Monday, December 14, 2009

Holiday Spirit Made to Order, at $95 an Hour

"Interior designer finds a holiday decorating niche"
Value Added, Tom Heath, Washington Post (December 14, 2009)

"My love for Christmas started when I was a kid in Syracuse, N.Y.

"The holiday was a very big deal in our house. I would go up into the attic and fetch the decorations with my mom. My sister and I would bake Christmas cookies with my aunt Mimi, who lived upstairs in our two-family house. We would gather on a Saturday afternoon before the holiday and put up the Christmas tree. Bing Crosby crooned on the record player.

"Each of us would hang our favorite ornament, some of which my aunt had purchased for us. (I had an angel that went on top of the tree, which will bring some laughs from people who know me.)..."

The column isn't about Mr. Heath's reminiscences: it's about Andrea Hickman of A. Hickman Design. She told the Washington Post columnist:

"...that preserving those traditions can be the toughest part of her Christmas decorating business.

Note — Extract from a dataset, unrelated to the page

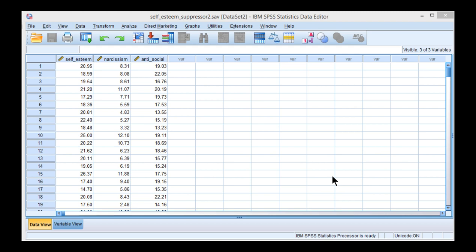In this example, the zero-order correlation is near zero, and when you control for a third variable, it increases in magnitude in the same direction that it was near zero to.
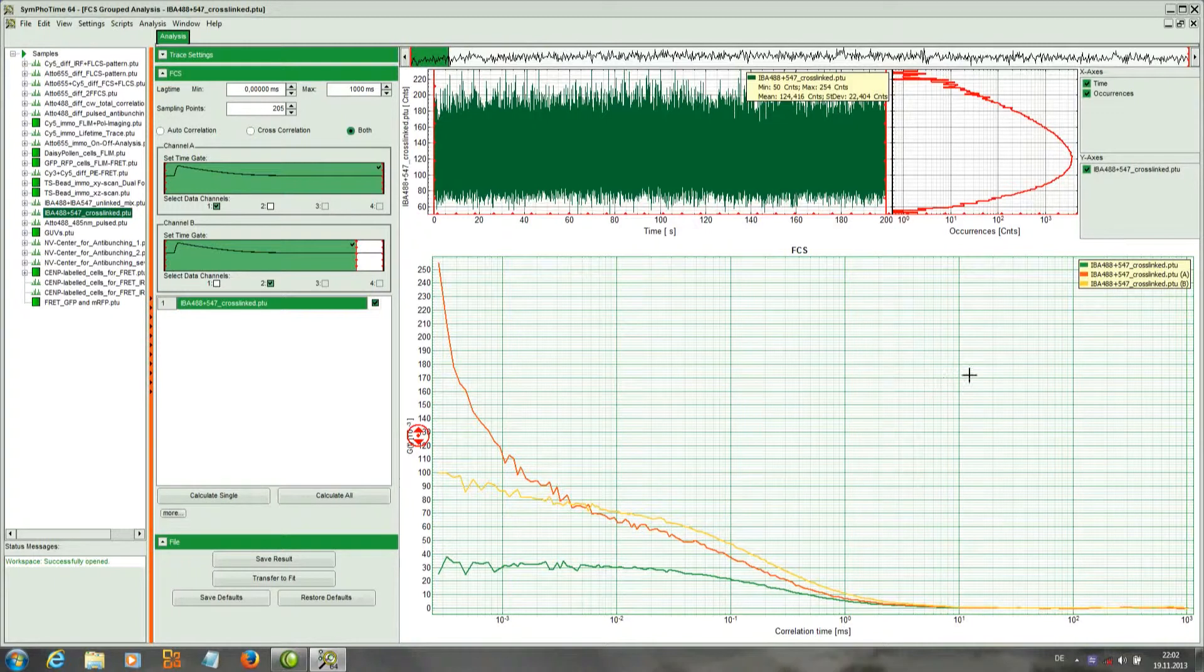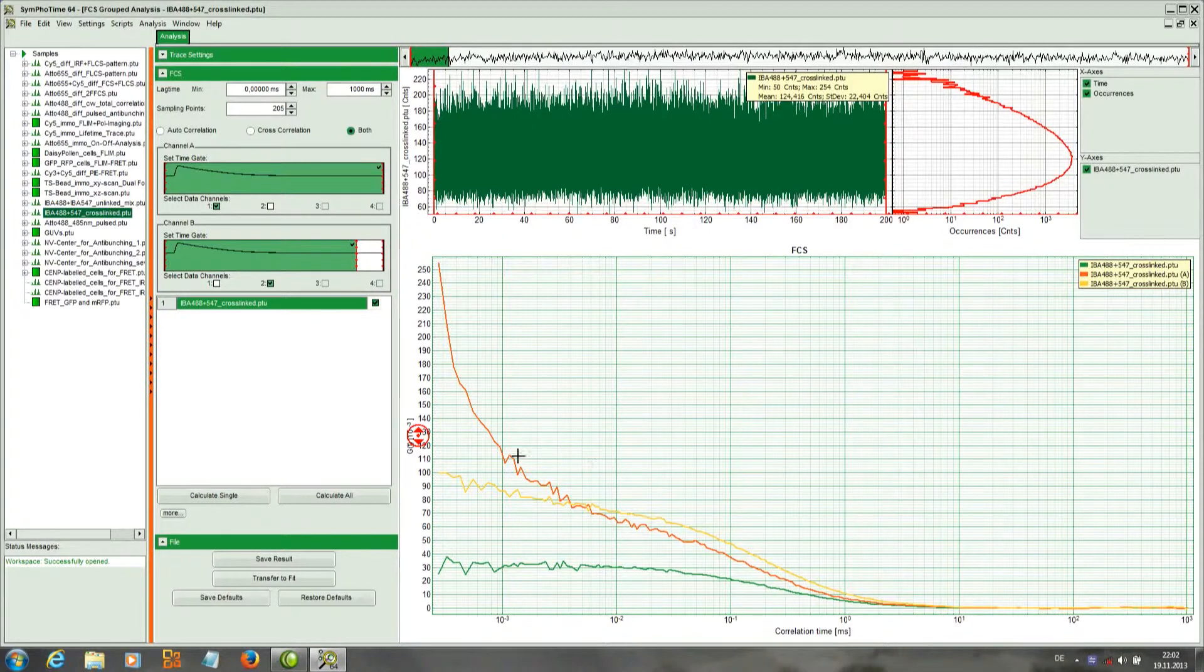The yellow and the red curves are the autocorrelations. Here you can see which curve is basically which.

"The family heirlooms may be old and falling apart, but 'I've got to make those things work and make [the client] love them again' so they don't stick out like a sore thumb, said Hickman, who talked to me from her studio as she was preparing to decorate a hall for a big Christmas party at Mary Washington College...."

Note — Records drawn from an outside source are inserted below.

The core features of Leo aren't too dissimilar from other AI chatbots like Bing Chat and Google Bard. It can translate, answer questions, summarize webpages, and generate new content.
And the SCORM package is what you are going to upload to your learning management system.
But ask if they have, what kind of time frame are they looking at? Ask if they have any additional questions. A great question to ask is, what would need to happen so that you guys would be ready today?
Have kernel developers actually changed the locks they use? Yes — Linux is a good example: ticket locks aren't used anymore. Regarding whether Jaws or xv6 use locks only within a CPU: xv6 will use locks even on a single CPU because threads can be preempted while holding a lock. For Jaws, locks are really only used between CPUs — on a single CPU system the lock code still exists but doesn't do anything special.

She doesn't just to Christmas season decorating: that's around $5,000 of her $80,000 or so a year income.

The column gives a pretty good overview of the interior decorating business, with particular attention on the 'fix up other people's homes for Christmas' aspect of the profession.

When Hickman's on the clock, she charges $95 an hour. Jobs range, we're told, from about $500 for an afternoon's advice to $10,000 for a week of making a mansion or office look good for Christmas. We also find up that a 30 percent markup from wholesale is an industry standard for decor items.

We get a (very short) look at what pointed her toward interior decoration as a career, and how she got started.

I'd never pay someone $500 to tell me how to make my home look good. let alone $10,000. But, hey: if someone has that kind of money, and lacks either time, energy, or ability to do the job, why not?

One thing I've learned is that not everybody lives the same way. Take "family heirlooms," for example. One of ours is an iron-bound wooden chest that carried one set of my ancestors' worldly possessions across the Atlantic in the second ship they tried. The first ship sprang a leak or something - but that's another story. The lock hasn't worked for about a generation, but we've got the pieces, and if it's needed someday, we'll fix it. Meanwhile, it's a practical storage locker: a serviceable, fairly rugged item. And currently assigned to the household of one of my daughters.

But that's us. We're of the class that might work for some of Hickman's clients. But that's another topic.

Bottom line? This is a pretty good article: a little nice holiday sentiment; a peek inside a specialized profession; and a look at one facet of American culture.